Andy Burnham, that genial Mancunian mayor who styles himself the King of the North (a title one suspects he awarded after a particularly successful session with the focus groups), sauntered into Parliament with 24,927 votes—54.8% of the turnout, no less. Reform UK’s Robert Kenyon trailed some 9,231 votes behind, a result greeted in certain quarters with the sort of hollow cheer usually reserved for a football team that has avoided relegation by the skin of its teeth. Turnout, at a giddy 58.8%, represented the highest by-election participation since the days when Maggie was still terrifying the unions. One almost expected bunting.
Yet beneath the modest statistical uplift lurks the true story of our benighted polity: voter apathy so profound it makes a Trappist monk look like a gossip. Thousands of of eligible souls simply could not be roused from their sofas, even with the prospect of sending a message to the Westminster circus. They stayed home, these noble abstainers, presumably to binge-watch box sets or contemplate the rising cost of central heating while muttering that “they’re all the same.” One feels a certain dry admiration for their consistency. At least they are reliably useless.
This, dear reader, is where the Australian model beckons like a stern but fair-minded relative. Compulsory voting. Yes, the very notion sends shudders through the libertarian wing—those delicate flowers who prize their 'freedom' to do nothing above all else. But imagine it: every citizen frog-marched to the polling station under pain of a modest fine. The ballot boxes would overflow not merely with ticked boxes but with the glorious effluvia of a truly engaged electorate. Millions of comedic cocks and balls, exquisitely rendered in biro. Crude caricatures of party leaders. Shopping lists. The occasional heartfelt poem about the price of bread. Democracy, in short, laid gloriously bare. Far better this riot of vulgar self-expression than the silent, sullen void we currently endure. At least the nation would be heard, even if in the language of the urinal wall.

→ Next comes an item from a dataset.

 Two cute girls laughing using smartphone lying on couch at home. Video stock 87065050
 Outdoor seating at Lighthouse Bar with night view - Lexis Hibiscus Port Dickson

The centre-right, meanwhile, continues its time-honoured tradition of self-immolation. Conservatives scraped a pitiful 997 votes. The right-wing vote, such as it is, splinters like a cheap wine glass at a wake: Reform here, some Restorationist splinter there, a few lonely Lib Dems wandering in the wilderness. One pictures a dozen well-meaning chaps in tweed arguing over doctrinal purity while Labour’s machine simply hoovers up the disaffected. It is less a political strategy than performance art for masochists. If the right wishes to win again, it might consider ceasing to treat electoral politics as an exercise in purist fragmentation. But old habits, like bad hangovers, die hard.

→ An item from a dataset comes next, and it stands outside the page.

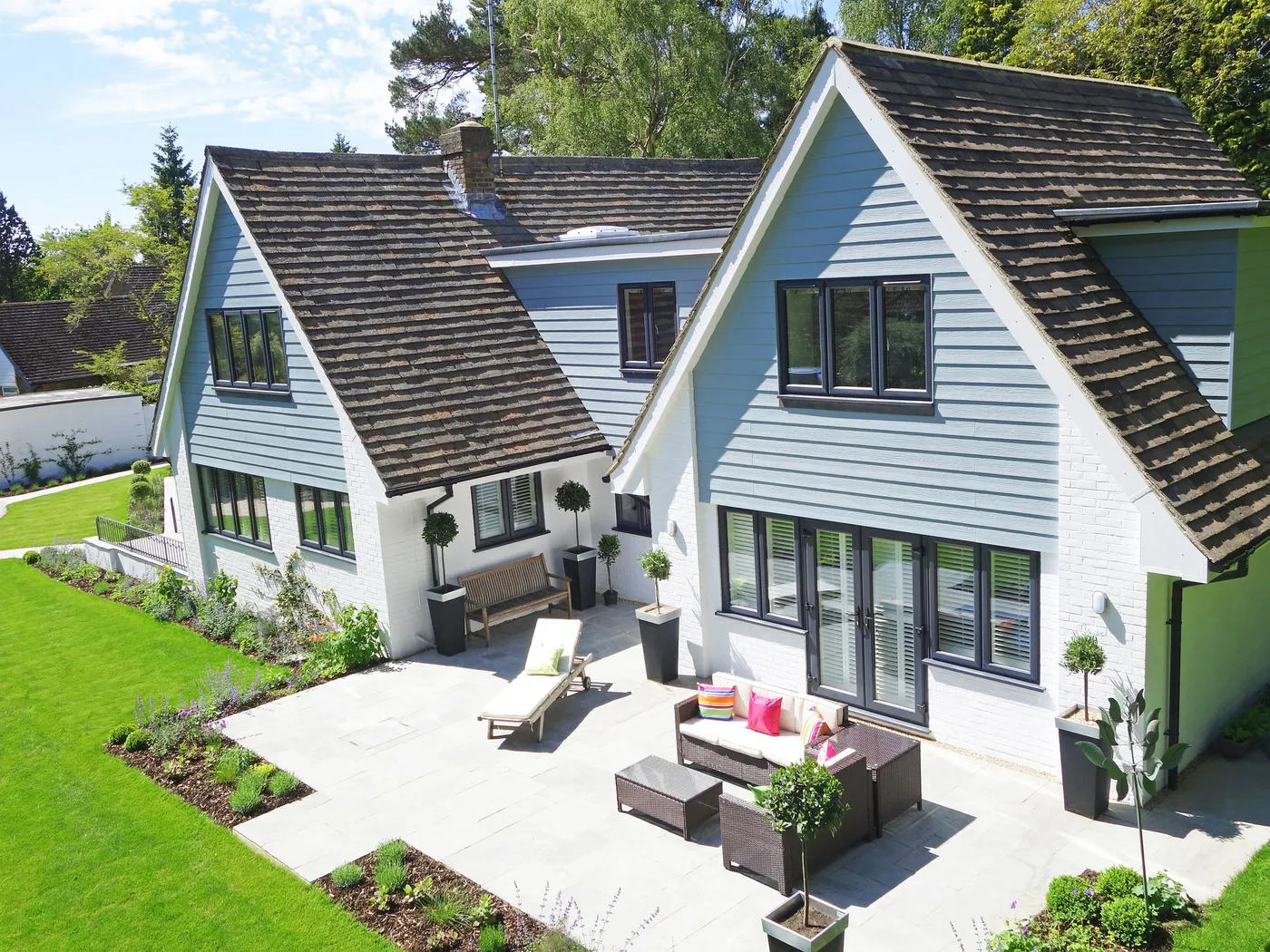 A gabled house with blue lap siding, new windows and a patio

And what of the victor? Burnham, the change candidate who promises—oh, how he promises—to be the final chance for Labour to alter course. The irony is thicker than a Wigan pie crust. Here is a man who has long positioned himself as the authentic voice of the North, the antidote to metropolitan slickness, the fellow who actually gets the post-industrial heartlands. Yet one suspects the change he delivers will be largely cosmetic: fresh slogans, perhaps a more northern accent in the dispatch box, but the same creaking machinery of high taxes, open borders, net zero zealotry, and cultural lectures from people who have never changed a fuse. No fundamental reckoning with the failures that produced Reform’s strong showing. No serious course correction. Just more of the same, served with a side order of regional pride.

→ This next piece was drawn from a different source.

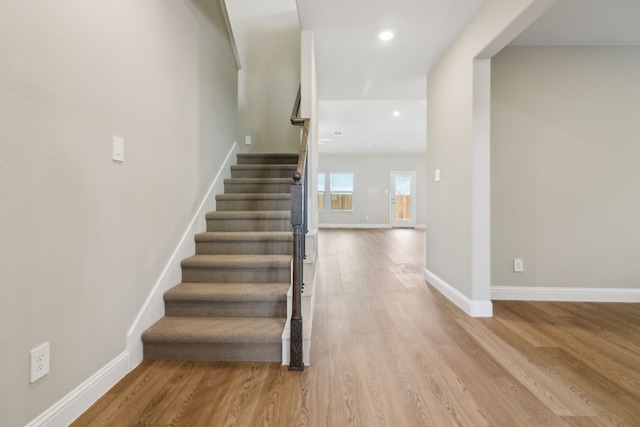 stairway featuring wood-type flooring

One watches the prospect of Prime Minister Burnham with the queasy fascination of a man observing an oncoming bus. The country, already wearied by one set of managerial progressives, may soon exchange them for another who knows the words to “Take Me Home, Country Roads.” The blind Labour voters—those tribal loyalists who would support a lamp-post if it carried the rose—will cheer. The apathetic will continue not voting. And the rest of us will be left pondering whether compulsory voting, cock-and-ball doodles and all, might at least force the polity into something resembling honest confrontation with itself.
Makerfield has spoken, after a fashion. The question is whether anyone in Westminster is capable of listening through the fog of their own complacency. One rather doubts it. The circus rolls on.